Cremona: al Museo del Violino esposto il violino Girolamo II Amati del 1683

Grazie alla partnership tra Museo Civico Castello Ursino di Catania e Museo del Violino si può ammirare un nuovo capolavoro.

| Scritto da Redazione
 Cremona: al Museo del Violino esposto il violino Girolamo II Amati del 1683

Un nuovo capolavoro, il violino Girolamo II Amati del 1683, del Museo Civico Castello Ursino di Catania, è da oggi temporaneamente affidato al Museo del Violino nell’ambito di un progetto di collaborazione tra le due Istituzioni. Sarà esposto, nella sala “friends of Stradivari”, fino al 31 dicembre ma il prestito potrebbe essere rinnovato.

Lo strumento è un tipico esempio delle produzioni che lasciò la bottega Amati negli anni appena precedenti la morte di Nicolò, avvenuta nel 1684. Benché esso rechi un’etichetta originale di Nicolò, è possibile riconoscere completamente la “mano” di suo figlio Girolamo II (n. 1649). Nicolò era ancora il maestro della bottega e, all’epoca, era consuetudine che la sua etichetta venisse applicata su ogni strumento di valore qui realizzato. Il violino è miracolosamente giunto a noi insieme a un’inusuale, generosa ed incontaminata quantità di vernice originale, non troppo levigata o lucidata. Esso, inoltre, rivela all’occhio critico una freschezza di realizzazione particolare, sintomo della giovanile, ma allo stesso tempo matura abilità di Girolamo all’età di 34 anni.

Il violino ha una breve storia. É parte di una donazione fatta al Museo Civico Castello Ursino per merito di un’influente famiglia Catanese, gli Zappalà. Tramite una sponsorizzazione catanese, nel 1993 sullo strumento fu eseguito un attento restauro a Cremona, a cura della bottega Carlson, Cacciatori e Neumann. Successivamente, esso poté essere ammirato in città durante le esposizioni …e furono liutai in Cremona dal Rinascimento al Romanticismo (2000) e DNA degli Amati (2006).

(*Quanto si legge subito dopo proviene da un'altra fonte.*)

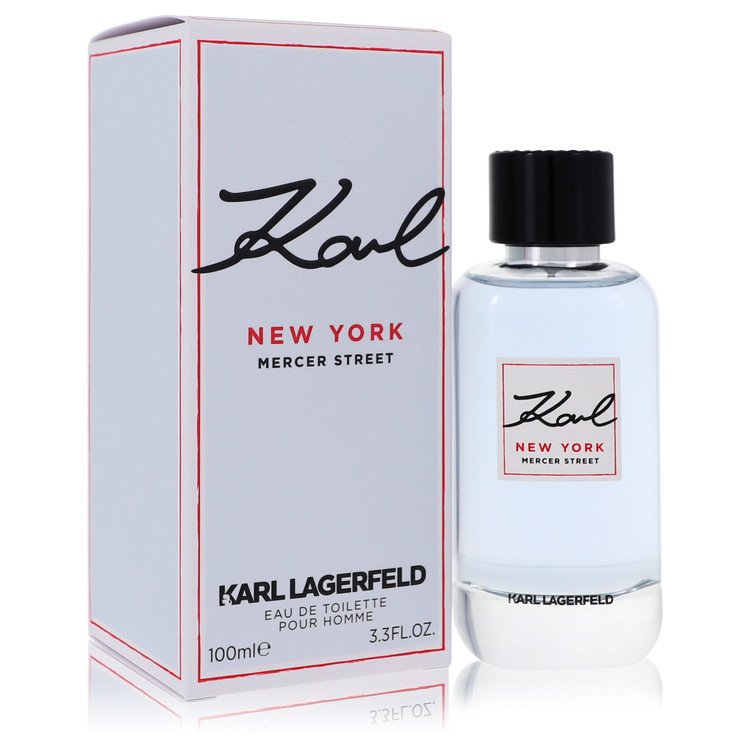 Col. Masculino Karl New York Mercer Street 100 ml Eau De Toilette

L’esposizione è parte di un progetto più ampio, frutto della partnership tra le due istituzioni museali. Lo strumento sarà, infatti, oggetto di un’accurata azione di indagine scientifica, coordinata dal conservatore delle collezioni MdV Fausto Cacciatori, e condotta in collaborazione con il Laboratorio Giovanni Arvedi di diagnostica non invasiva dell’Università di Pavia e il Laboratorio di Acustica Musicale del Politecnico di Milano, entrambi con sede presso il Museo del Violino. Saranno quindi redatti il report relativo alle condizioni attuali dello strumento e sarà stilato il protocollo di conservazione. Martedì 13 novembre, invece, sarà promossa una giornata di studi interamente dedicata a Girolamo II Amati: in mattinata si svolgerà una conferenza con interventi di carattere storico liutario e scientifico mentre alle 12 sarà possibile ascoltare il violino affidato per una speciale audizione ad Edoardo Zosi. Nel pomeriggio, invece, i maestri liutai, in piccoli gruppi, potranno esaminare direttamente lo strumento onde carpirne i segreti.